→ Materials provided:
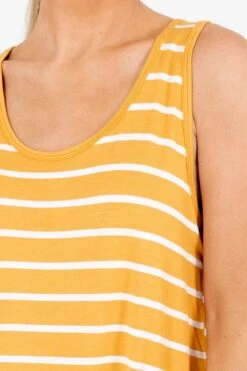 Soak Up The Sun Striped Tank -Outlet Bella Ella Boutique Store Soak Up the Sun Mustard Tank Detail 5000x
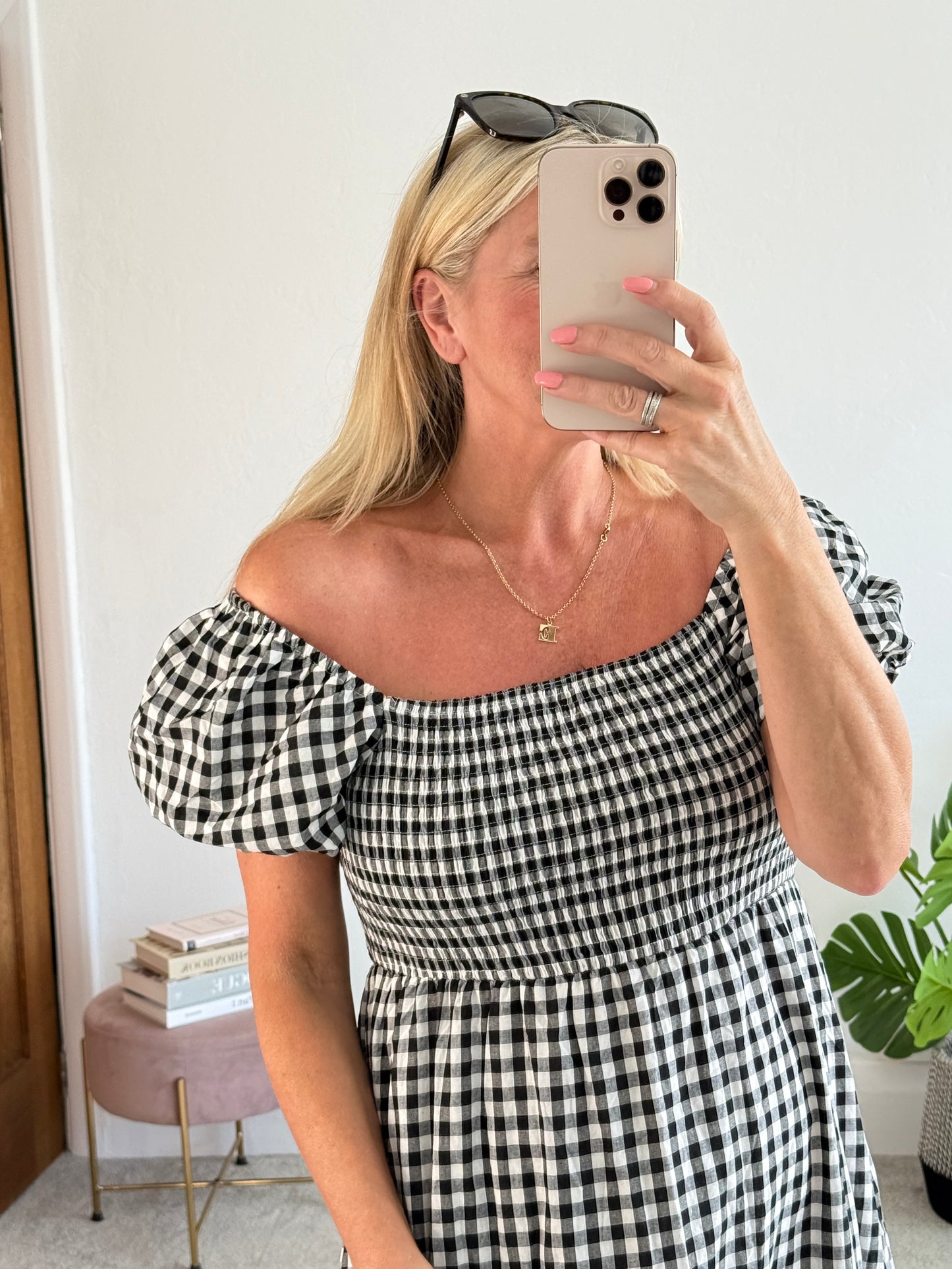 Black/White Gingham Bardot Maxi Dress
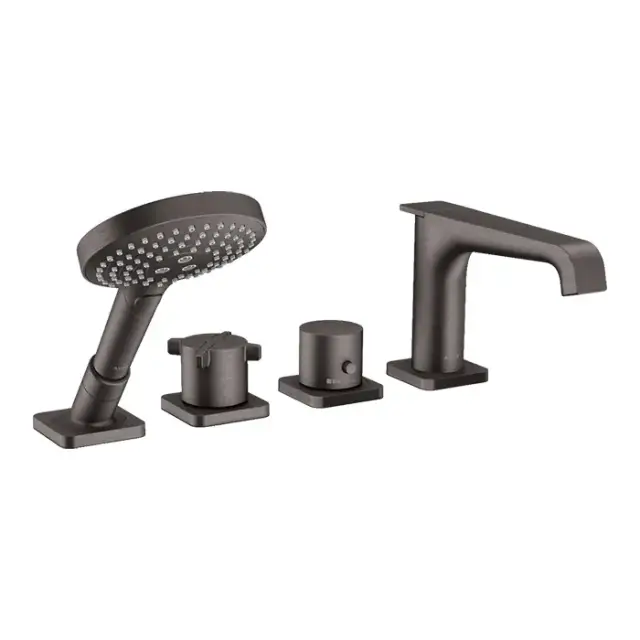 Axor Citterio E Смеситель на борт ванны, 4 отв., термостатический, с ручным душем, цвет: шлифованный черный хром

...

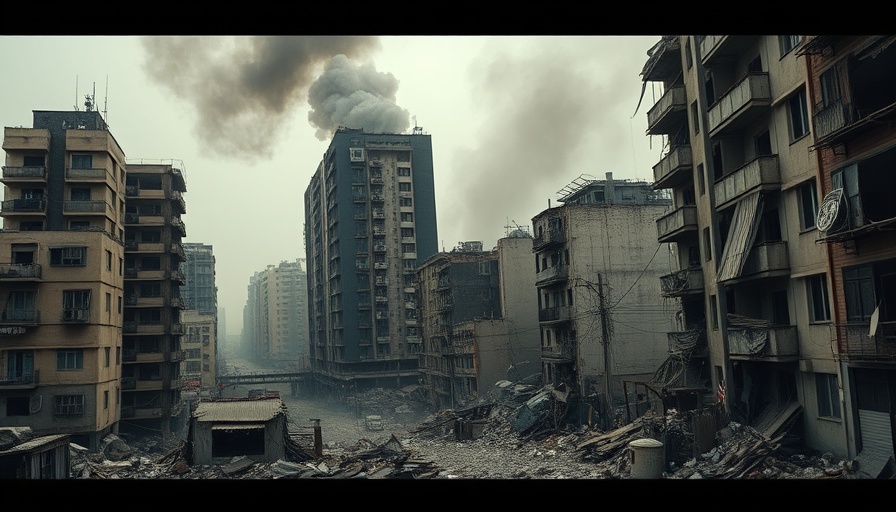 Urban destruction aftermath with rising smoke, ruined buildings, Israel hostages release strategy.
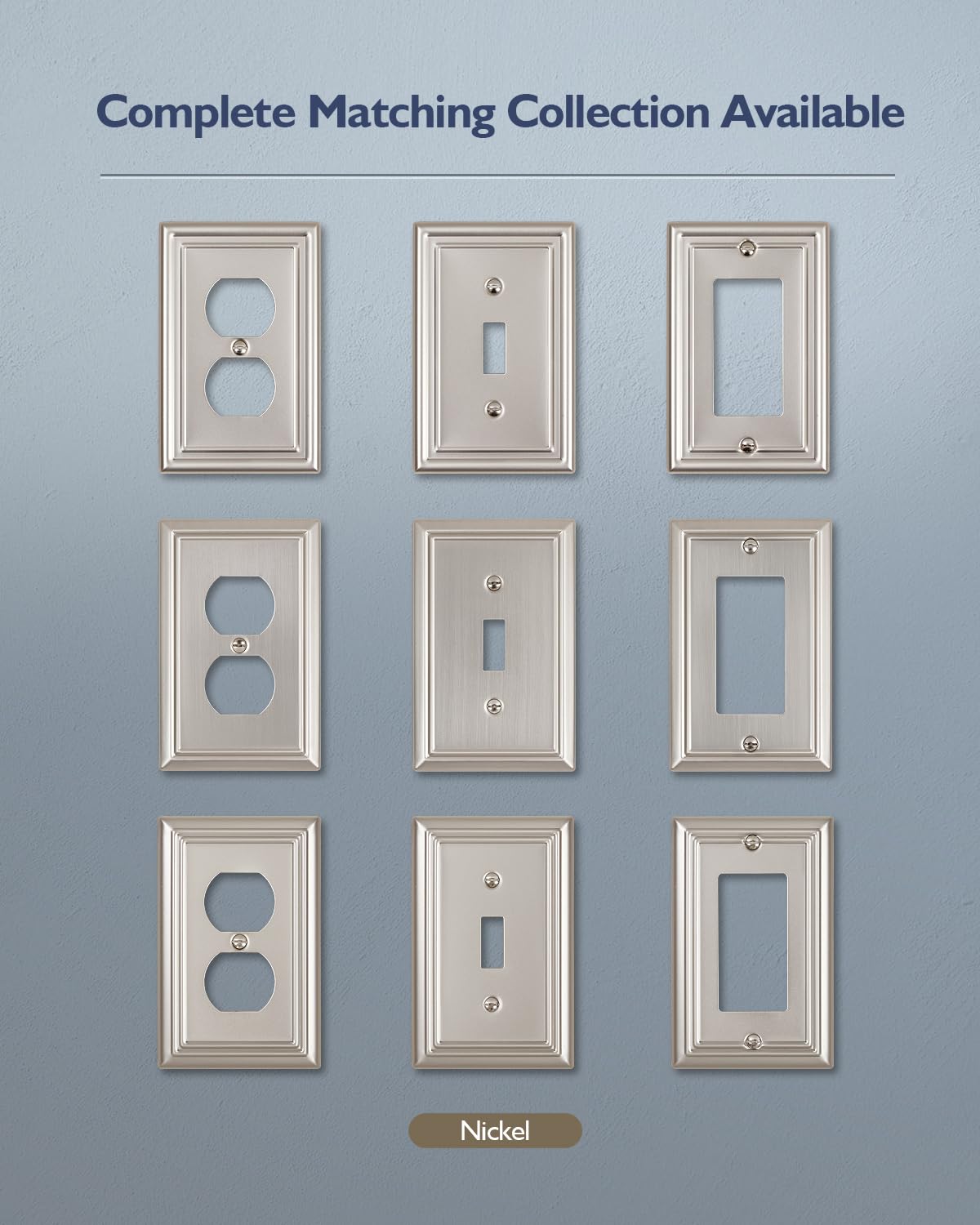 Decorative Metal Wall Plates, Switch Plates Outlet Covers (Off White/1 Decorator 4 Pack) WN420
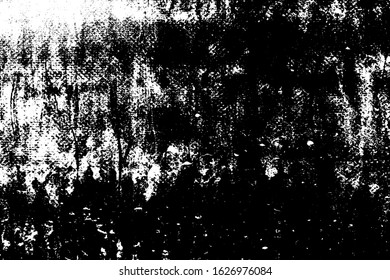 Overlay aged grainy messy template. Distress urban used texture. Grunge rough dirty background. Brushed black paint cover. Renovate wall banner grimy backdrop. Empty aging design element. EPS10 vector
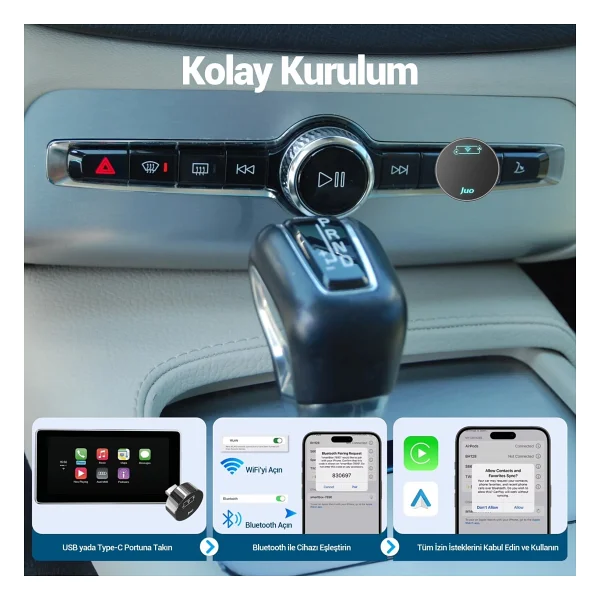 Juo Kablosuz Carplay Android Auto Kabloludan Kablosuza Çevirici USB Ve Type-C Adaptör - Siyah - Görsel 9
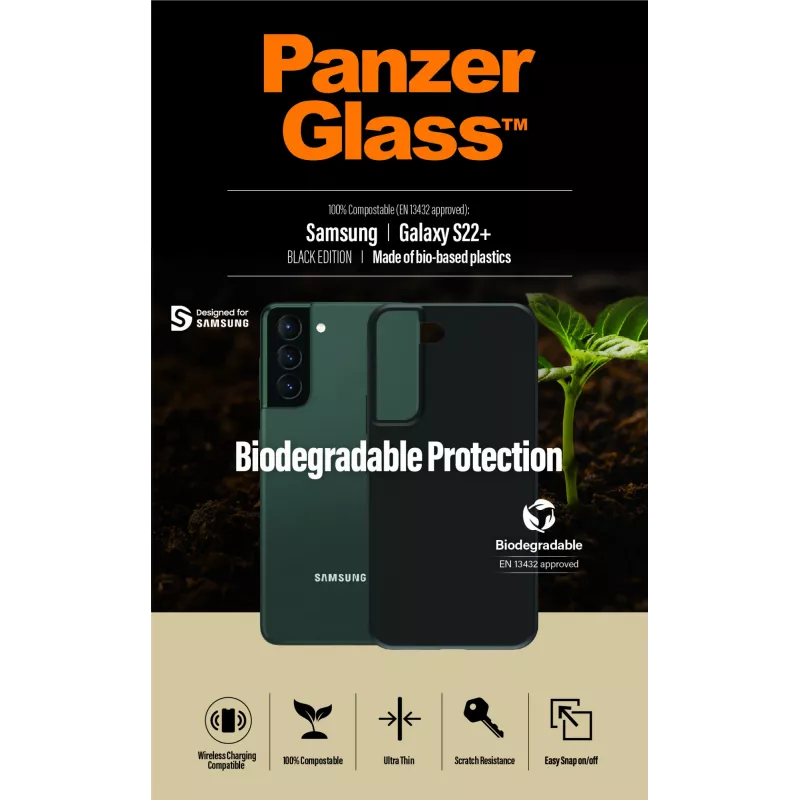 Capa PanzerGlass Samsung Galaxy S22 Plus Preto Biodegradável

→ Assignment: Among the entries above, take the lines from the one with "Soak Up The Sun Striped" through the one with "Axor Citterio E" and retype them exactly, leaving out the pictures.

→ Written reply:
 Soak Up The Sun Striped Tank -Outlet Bella Ella Boutique Store Soak Up the Sun Mustard Tank Detail 5000x
 Black/White Gingham Bardot Maxi Dress
 Axor Citterio E Смеситель на борт ванны, 4 отв., термостатический, с ручным душем, цвет: шлифованный черный хром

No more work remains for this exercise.